© Jewel SAMAD / AFP

(AFP) – Une échoppe étroite avec des rangées de sweat-shirts sur des cintres en hauteur, des cartons de pulls et de T-shirts en vrac dans des cartons, et des clients qui se bousculent parmi ces vêtements estampillés « Deisel »: bienvenue à Chinatown, royaume new-yorkais de la contrefaçon.

Sauf que, cette fois, les vêtements « Deisel » que s’arrachent les clients ont été conçus par la vraie marque Diesel, à l’initiative de son fondateur Renzo Rosso qui entend ainsi attirer l’attention sur le phénomène de la contrefaçon.

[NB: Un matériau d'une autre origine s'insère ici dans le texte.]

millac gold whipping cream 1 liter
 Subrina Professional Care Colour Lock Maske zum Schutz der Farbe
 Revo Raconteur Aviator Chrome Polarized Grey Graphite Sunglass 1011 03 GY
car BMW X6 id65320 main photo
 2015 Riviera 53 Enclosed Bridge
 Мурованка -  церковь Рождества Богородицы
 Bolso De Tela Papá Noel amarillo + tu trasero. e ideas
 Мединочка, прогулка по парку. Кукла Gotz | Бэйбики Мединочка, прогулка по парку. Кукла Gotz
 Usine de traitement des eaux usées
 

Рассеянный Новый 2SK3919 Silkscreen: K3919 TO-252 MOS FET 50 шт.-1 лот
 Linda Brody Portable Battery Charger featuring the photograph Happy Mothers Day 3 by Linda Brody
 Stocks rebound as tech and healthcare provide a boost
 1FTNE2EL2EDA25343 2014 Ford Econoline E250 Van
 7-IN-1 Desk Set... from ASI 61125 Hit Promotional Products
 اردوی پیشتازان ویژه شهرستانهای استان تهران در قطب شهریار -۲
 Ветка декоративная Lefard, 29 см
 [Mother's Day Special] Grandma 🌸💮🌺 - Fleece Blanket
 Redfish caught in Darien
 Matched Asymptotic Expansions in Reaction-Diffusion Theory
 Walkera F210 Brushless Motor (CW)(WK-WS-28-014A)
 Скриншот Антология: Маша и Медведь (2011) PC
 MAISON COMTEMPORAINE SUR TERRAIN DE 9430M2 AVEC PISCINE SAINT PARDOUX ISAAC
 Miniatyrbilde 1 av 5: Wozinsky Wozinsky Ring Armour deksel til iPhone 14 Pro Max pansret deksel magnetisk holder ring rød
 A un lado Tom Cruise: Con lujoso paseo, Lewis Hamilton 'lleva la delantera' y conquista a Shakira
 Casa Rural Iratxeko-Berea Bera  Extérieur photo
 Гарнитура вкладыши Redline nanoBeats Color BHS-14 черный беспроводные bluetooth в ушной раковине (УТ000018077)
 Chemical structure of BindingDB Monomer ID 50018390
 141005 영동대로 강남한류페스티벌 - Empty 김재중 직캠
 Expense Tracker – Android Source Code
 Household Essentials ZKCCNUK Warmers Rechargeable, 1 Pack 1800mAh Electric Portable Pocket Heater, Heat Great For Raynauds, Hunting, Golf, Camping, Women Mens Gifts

Son magasin éphémère au coin de Broadway et Canal Street a ouvert discrètement la semaine dernière et des centaines de personnes y ont déjà fait des emplettes, sans savoir que la fausse marque Deisel était une invention de la vraie.

La supercherie a été officialisée vendredi et des dizaines de passants attendaient de pouvoir pénétrer dans la petite boutique pleine à craquer, afin d’acheter ces vrais/faux Diesel, à 60 dollars le sweat à capuche ou 70 dollars le jean’s.

« Il y a tant de produits de contrefaçon dans le monde », a déclaré à l’AFP M. Rosso, présent pour l’occasion, en compagnie du rappeur Gucci Mane. « Je me suis dit, +Pourquoi ne pas jouer avec ce problème que nous avons?+ »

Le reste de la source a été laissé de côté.